→ Prompt: Can you transcribe every entry word for word, skipping the images?

→ Input records:
▽

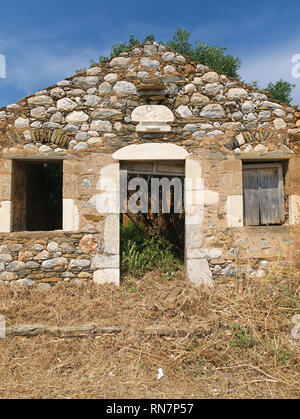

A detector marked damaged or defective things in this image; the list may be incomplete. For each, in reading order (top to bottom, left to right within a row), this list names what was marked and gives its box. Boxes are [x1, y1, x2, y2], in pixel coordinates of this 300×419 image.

broken wooden shutter [244, 164, 284, 226]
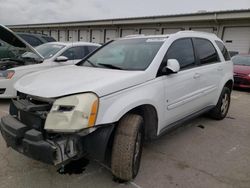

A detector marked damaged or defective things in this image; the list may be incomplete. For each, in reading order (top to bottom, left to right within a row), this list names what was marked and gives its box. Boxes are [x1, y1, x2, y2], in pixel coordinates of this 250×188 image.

dented hood [14, 65, 147, 98]
cracked headlight [44, 92, 99, 132]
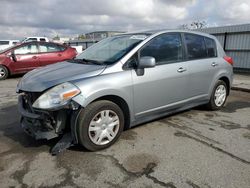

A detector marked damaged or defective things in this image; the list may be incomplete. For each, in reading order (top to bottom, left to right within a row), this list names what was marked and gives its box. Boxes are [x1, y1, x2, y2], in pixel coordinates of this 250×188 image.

damaged front bumper [18, 93, 79, 154]
crack in asphalt [174, 131, 250, 164]
crack in asphalt [95, 153, 176, 187]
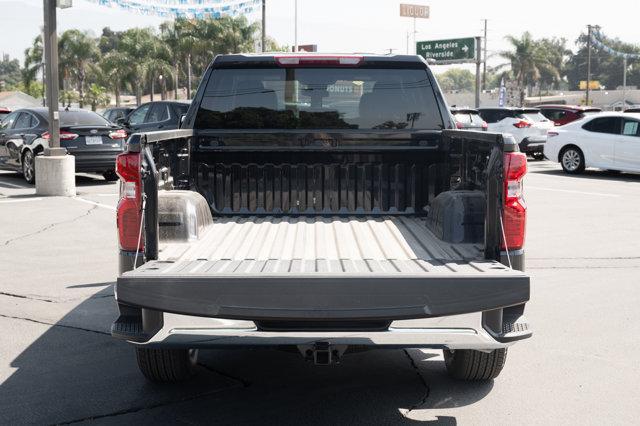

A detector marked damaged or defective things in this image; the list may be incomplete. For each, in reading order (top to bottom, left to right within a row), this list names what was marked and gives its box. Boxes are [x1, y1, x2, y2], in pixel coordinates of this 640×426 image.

crack in pavement [1, 204, 97, 246]
crack in pavement [0, 312, 110, 336]
crack in pavement [402, 350, 432, 416]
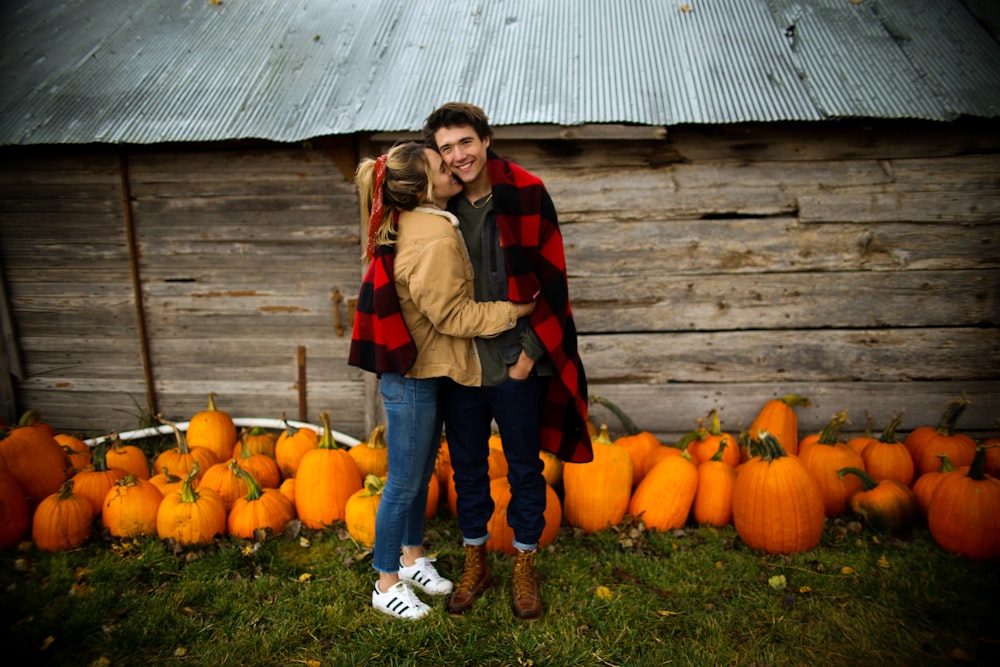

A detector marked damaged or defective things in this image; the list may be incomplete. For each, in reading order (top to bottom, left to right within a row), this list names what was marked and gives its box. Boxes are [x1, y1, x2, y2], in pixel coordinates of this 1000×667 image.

rusty metal roof panel [1, 0, 1000, 146]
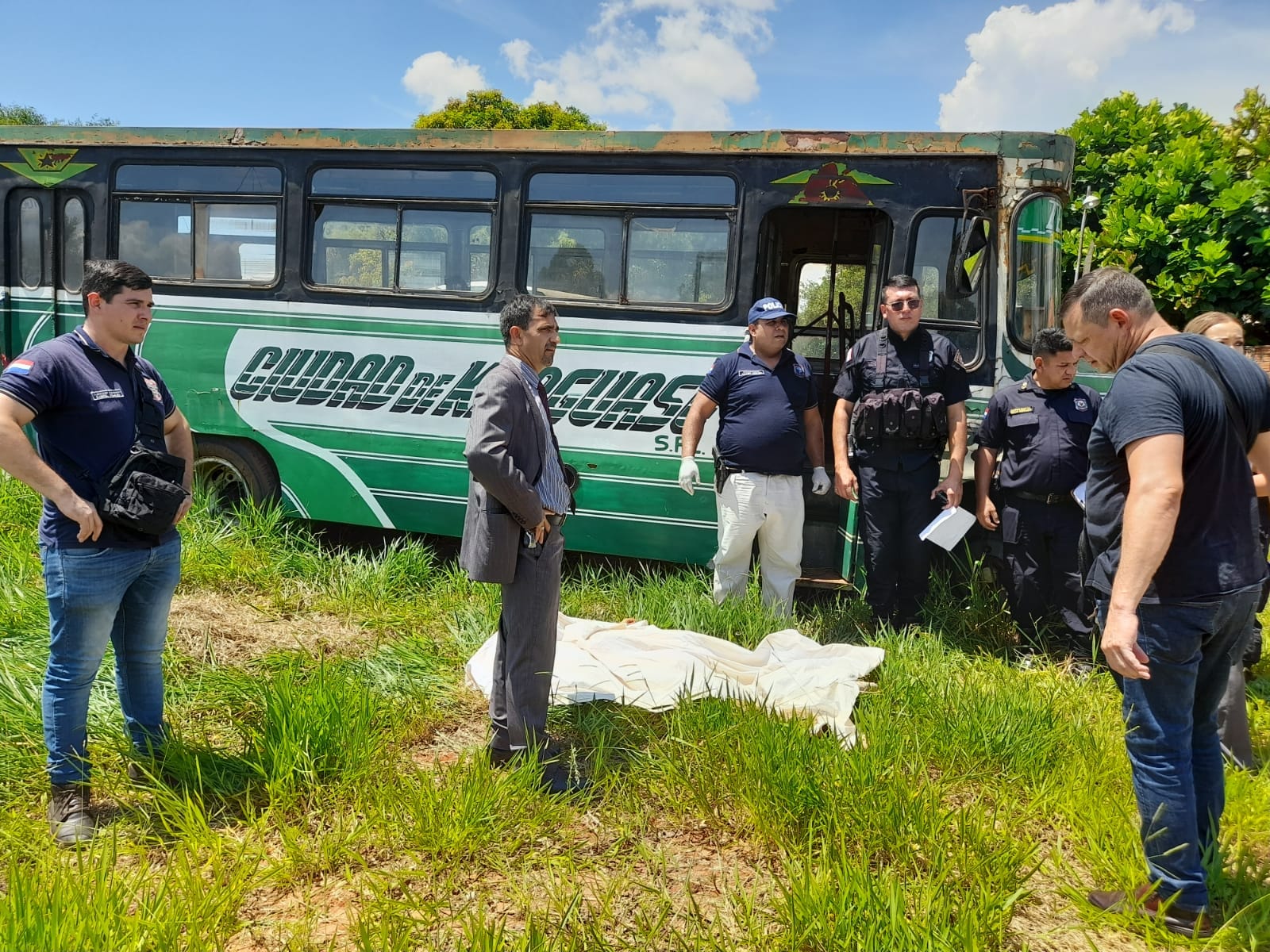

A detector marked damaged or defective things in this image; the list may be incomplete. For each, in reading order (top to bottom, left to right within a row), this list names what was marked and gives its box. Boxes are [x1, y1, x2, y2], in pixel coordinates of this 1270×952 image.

rusted bus roof [0, 127, 1072, 160]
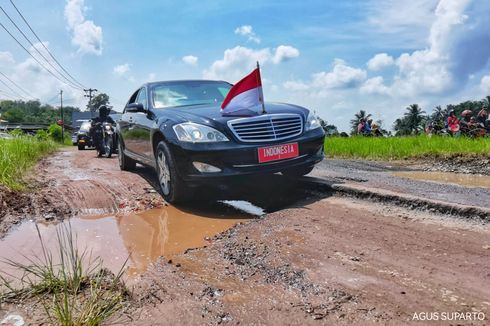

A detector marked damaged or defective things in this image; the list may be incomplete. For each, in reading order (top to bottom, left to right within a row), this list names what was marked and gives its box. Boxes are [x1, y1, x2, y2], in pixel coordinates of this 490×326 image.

pothole filled with muddy water [0, 201, 258, 280]
damaged road surface [0, 148, 488, 324]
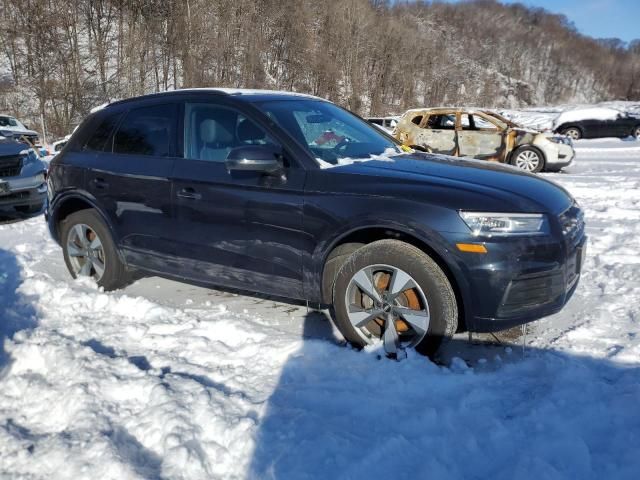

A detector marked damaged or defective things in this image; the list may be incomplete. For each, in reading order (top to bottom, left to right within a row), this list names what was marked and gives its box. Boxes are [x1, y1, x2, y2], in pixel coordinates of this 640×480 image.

burned wrecked car [396, 108, 576, 173]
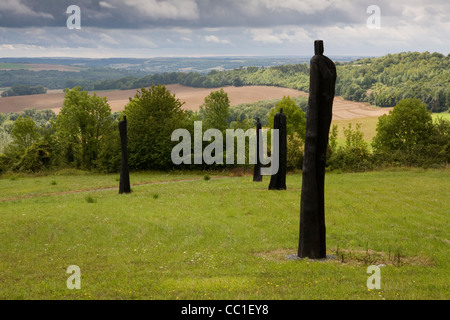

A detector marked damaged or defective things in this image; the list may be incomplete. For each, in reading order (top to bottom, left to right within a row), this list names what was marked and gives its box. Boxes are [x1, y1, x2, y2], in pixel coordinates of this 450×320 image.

charred black post [268, 109, 286, 191]
charred black post [298, 40, 336, 260]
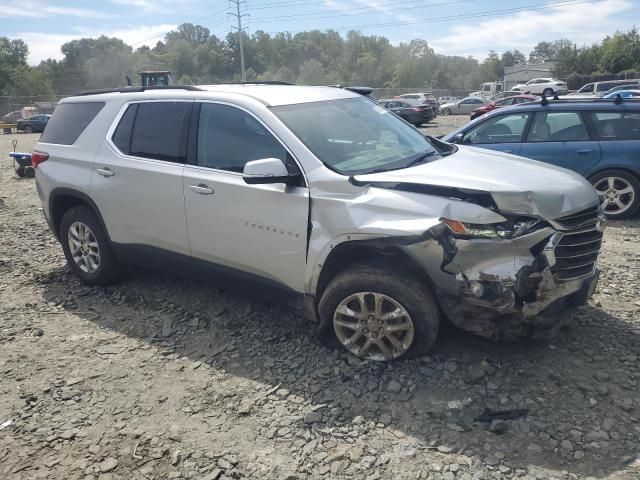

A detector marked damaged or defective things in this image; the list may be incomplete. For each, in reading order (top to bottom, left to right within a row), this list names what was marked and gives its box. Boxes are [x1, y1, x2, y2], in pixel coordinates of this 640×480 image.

crumpled hood [356, 145, 600, 220]
broken headlight housing [442, 218, 544, 240]
damaged front end [404, 206, 604, 338]
detached bumper [408, 223, 604, 340]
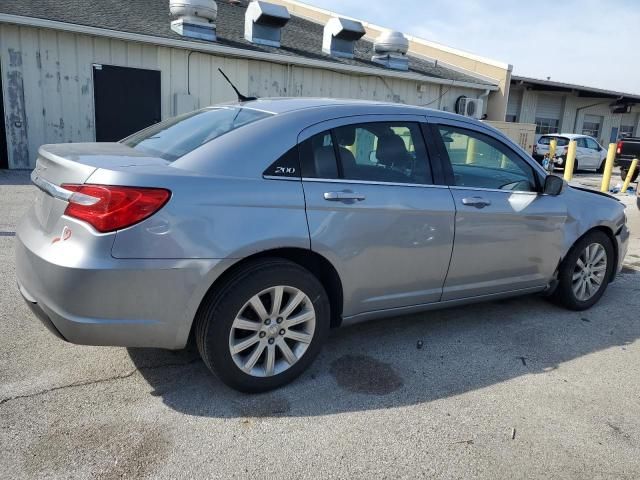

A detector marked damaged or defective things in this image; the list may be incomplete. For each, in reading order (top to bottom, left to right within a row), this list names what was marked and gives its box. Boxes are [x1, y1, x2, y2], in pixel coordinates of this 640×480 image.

crack in pavement [0, 358, 200, 406]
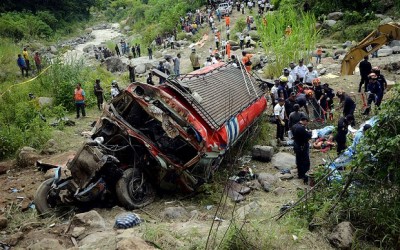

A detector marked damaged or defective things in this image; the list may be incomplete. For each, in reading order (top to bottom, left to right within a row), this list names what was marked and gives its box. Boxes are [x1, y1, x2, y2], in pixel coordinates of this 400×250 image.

wrecked bus [34, 61, 268, 213]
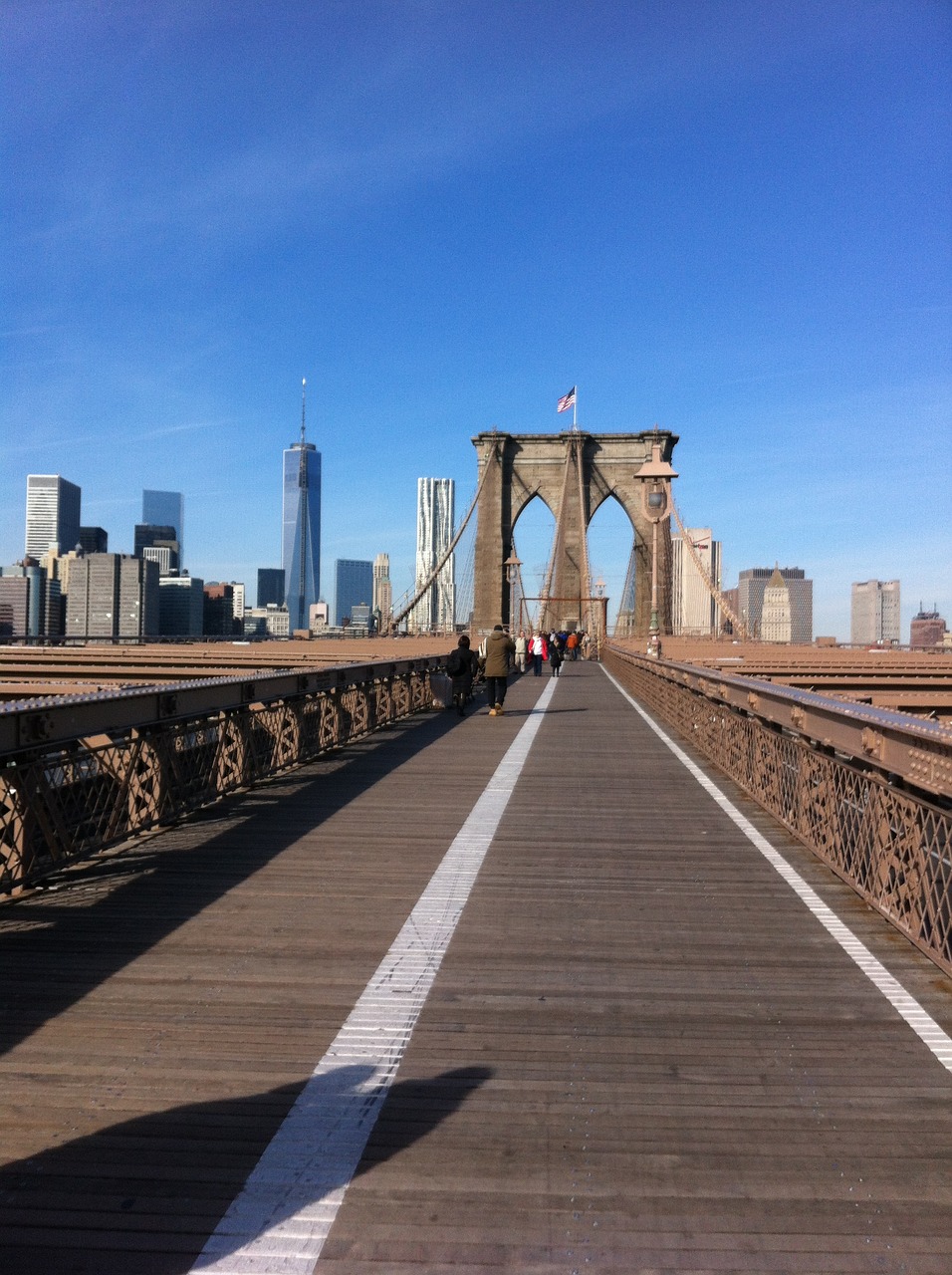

△

→ Answer for this exercise:
A detector marked damaged or defective things in this image; the list may be incomplete. For each, in reading order (top to bottom, left to right within a row), this list names what was marked and gives its box. Boxes are [x1, y1, x2, y2], in pixel coordinates of this 300×419 image.

broken wooden shutter [244, 164, 284, 226]

A detector marked damaged or defective things in this image; the list may be incomplete. For each, in reading order (top to bottom, left to right within a row), this list names what was marked and gives its box. Boxes are [x1, y1, x2, y2], in pixel coordinates of this 250×188 image.

dented hood [14, 65, 147, 98]
cracked headlight [44, 92, 99, 132]

A detector marked damaged or defective things in this image; the list may be incomplete. For each, in reading order (top to bottom, left to right within a row), this list names what was marked and gives its box. Boxes are [x1, y1, x2, y2], in pixel coordinates of this 250×188 image.

damaged front bumper [18, 93, 79, 154]
crack in asphalt [174, 131, 250, 164]
crack in asphalt [95, 153, 176, 187]

A detector marked damaged or defective things in this image; the list may be incomplete. For each, in reading order (top to bottom, left to right within a row), this list names what was marked and gives its box. Boxes are [x1, y1, x2, y2], in pixel coordinates of this 640×426 image.

crack in pavement [1, 204, 97, 246]
crack in pavement [0, 312, 110, 336]
crack in pavement [402, 350, 432, 416]

A detector marked damaged or defective things in this image; the list may be incomplete. For each, in reading order (top to bottom, left to right within a row), this list names what was marked and gives its box. Boxes are [x1, y1, x2, y2], in pixel coordinates of this 1000×667 image.

rusty metal roof panel [1, 0, 1000, 146]

A detector marked damaged or defective things in this image; the list may be incomplete. For each, in reading order (top to bottom, left to right within a row), this list names what was marked and gives its box. Boxes are [x1, y1, x2, y2], in pixel coordinates of this 1270×952 image.

rusted bus roof [0, 127, 1072, 160]

A detector marked damaged or defective things in this image; the list may be incomplete. For each, in reading order (top to bottom, left to right within a row), this list names what was marked and gives its box. Boxes are [x1, y1, x2, y2], in pixel coordinates of this 490×326 image.

pothole filled with muddy water [0, 201, 258, 280]
damaged road surface [0, 148, 488, 324]

A detector marked damaged or defective things in this image; the list may be incomplete. For each, in reading order (top to bottom, left to right within a row), this list names what was marked and gives its box. Boxes are [x1, y1, x2, y2], in pixel coordinates of this 640×480 image.

burned wrecked car [396, 108, 576, 173]

A detector marked damaged or defective things in this image; the list may be incomplete. For each, in reading order (top to bottom, left to right within a row), this list names what was marked and gives its box. Boxes are [x1, y1, x2, y2], in pixel coordinates of this 450×320 image.

charred black post [268, 109, 286, 191]
charred black post [298, 40, 336, 260]

A detector marked damaged or defective things in this image; the list may be incomplete. For each, in reading order (top to bottom, left to right within a row), this list names what was marked and gives its box. Boxes are [x1, y1, x2, y2], in pixel coordinates of this 640×480 image.

crumpled hood [356, 145, 600, 220]
broken headlight housing [442, 218, 544, 240]
damaged front end [404, 206, 604, 338]
detached bumper [408, 223, 604, 340]

A detector marked damaged or defective things in this image; the list may be incomplete. For each, in reading order (top to bottom, left to right within a row), this list names what was marked and gives its box. Boxes are [x1, y1, x2, y2], in pixel coordinates of this 640×480 image.

crack in pavement [0, 358, 200, 406]

A detector marked damaged or defective things in this image; the list may be incomplete. For each, in reading order (top to bottom, left to right within a row), this list names what was marked and gives its box. Boxes are [x1, y1, x2, y2], in pixel coordinates of this 400×250 image.

wrecked bus [34, 61, 268, 213]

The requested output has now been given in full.